#### EXERCISE DESCRIPTION
Set down exactly the lines running from the one with "Kenold Eqinvil Haitian" to the last line of the listing below, both included, and skip every picture.

#### RECORD SET
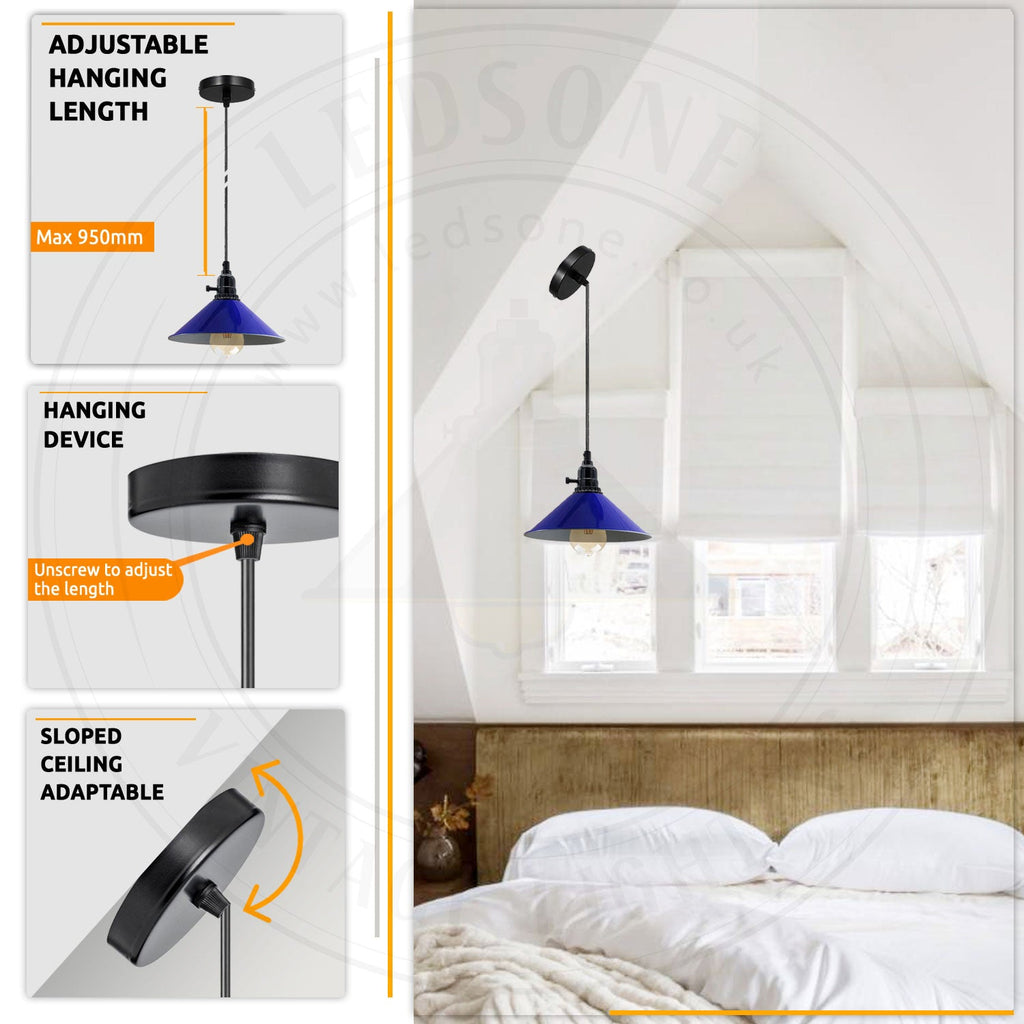 Industrial Vintage Metal Pendant Light Shade Chandelier Navy Blue Lampshade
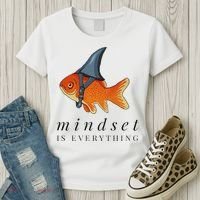 Mindset Motivational Quote Cute Goldfish Shark Women's T-Shirt thumb 3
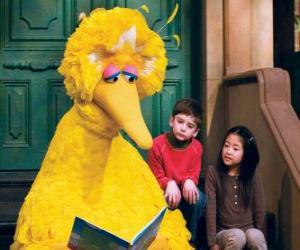 Puzzle Big Bird ou lire un livre de contes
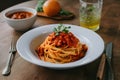 Spaghetti bolognese beautifully presented on the kitchen table Royalty Free Stock Photo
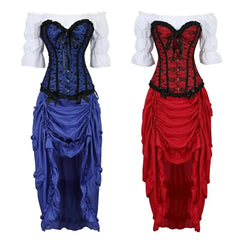 Cyflymder Corset 3 Piece Outfits for Women Steampunk Renaissance White Blouse Set Carnival Party Lace Up Boned Bustiers with Pirate Skirt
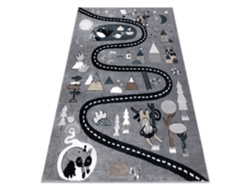 Alfombra Fun Route Para Niños, Calle, Animales Gris (120 x 170 cm)
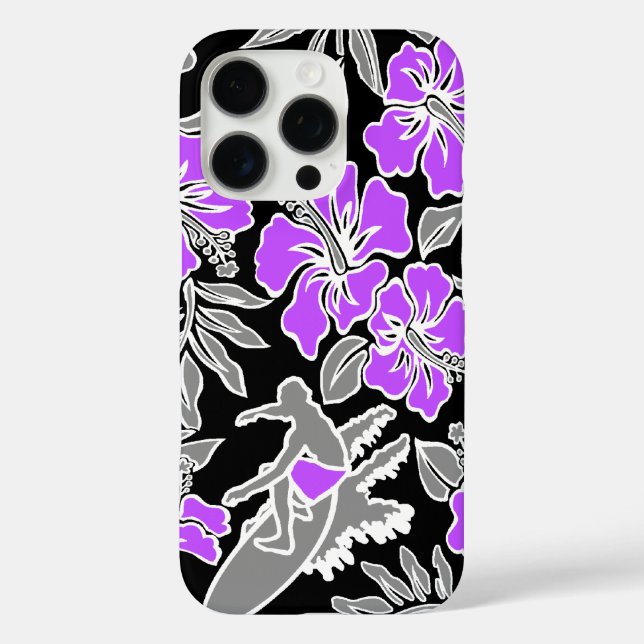 Surf Pareau Hawaiianischer Hibiskus Violet surfen iPhone 16 Pro Hülle (Rückseite)
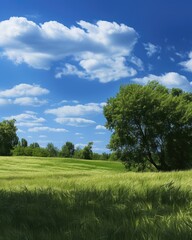 Peaceful Green Field Under a Clear Blue Sky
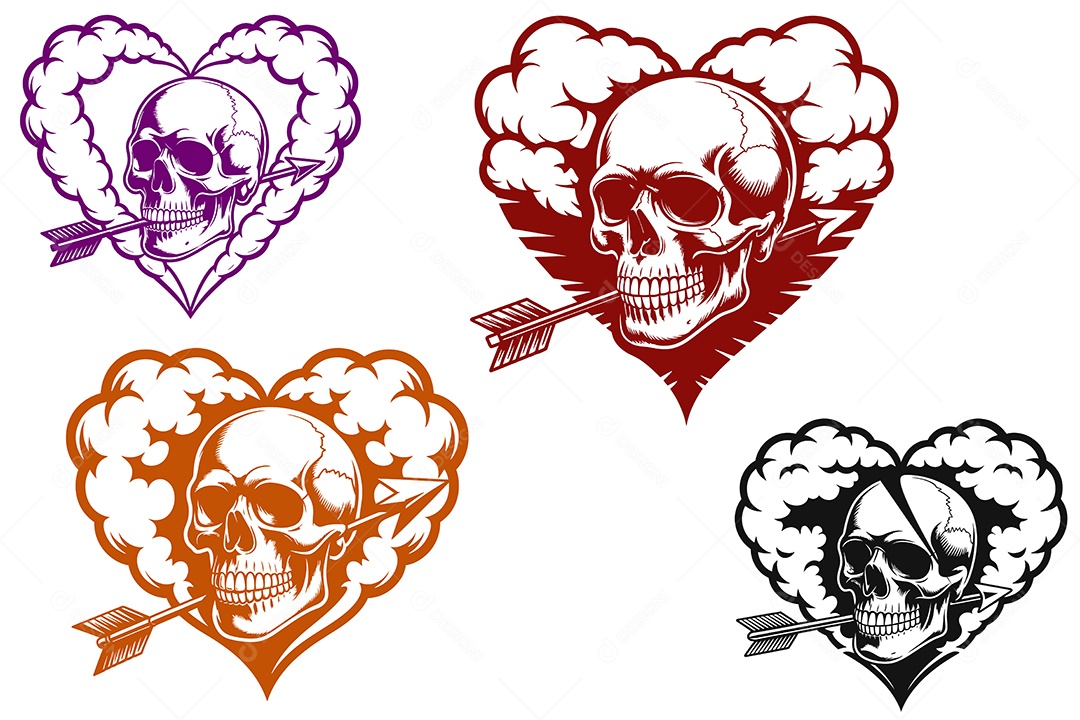 Caveiras e Coração Pronta para Recorte em Vinil Ilustração Vetor EPS + AI Editável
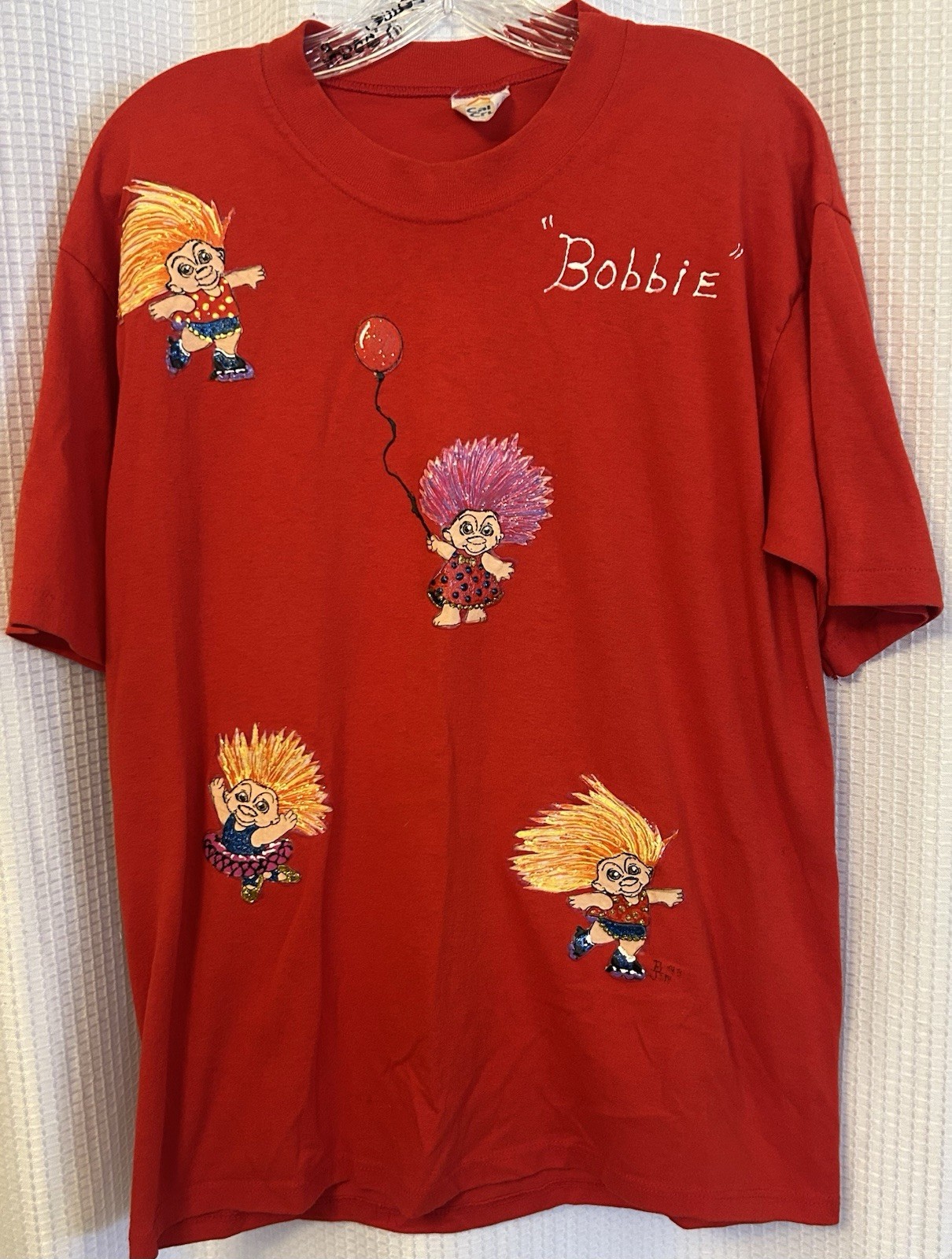 VTG 90s Hand painted Treasure Trolls Red T-shirt Size Large gallery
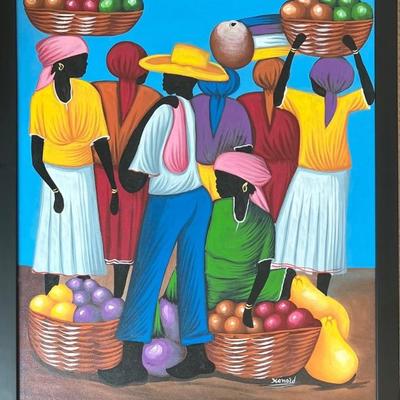 Kenold Eqinvil Haitian Market Print In Frame 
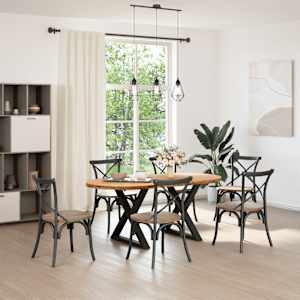 vidaXL Table &agrave; manger marron clair bois de ch&ecirc;ne massif ovale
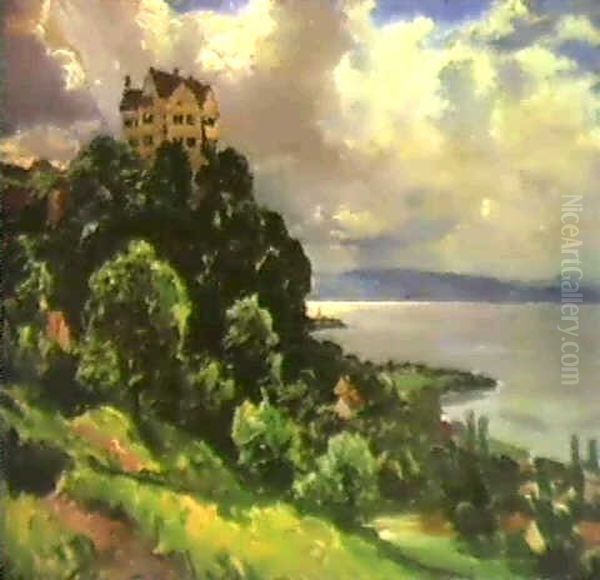 Bodenseelandschaft Mit Schloss Salenstein Oil Painting by Alexander Max Koester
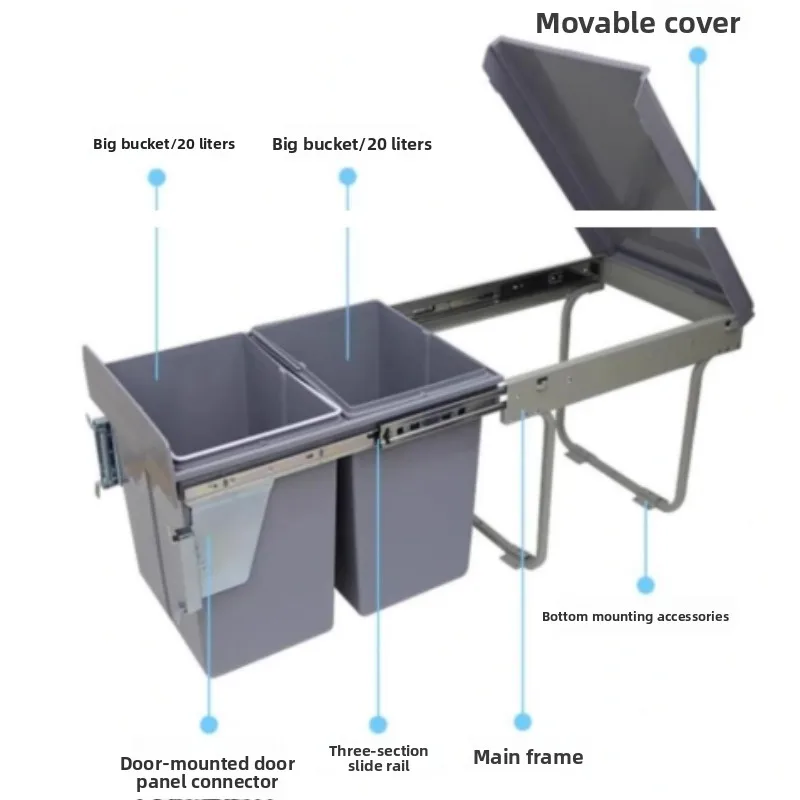 Вставной мусорный бак, ведро для сортировки с дверью, корзина для хранения с двойной крышкой, большая корзина для чистки, кухонная корзина для мусора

#### TASK RESPONSE
 Kenold Eqinvil Haitian Market Print In Frame 
 vidaXL Table &agrave; manger marron clair bois de ch&ecirc;ne massif ovale
 Bodenseelandschaft Mit Schloss Salenstein Oil Painting by Alexander Max Koester
 Вставной мусорный бак, ведро для сортировки с дверью, корзина для хранения с двойной крышкой, большая корзина для чистки, кухонная корзина для мусора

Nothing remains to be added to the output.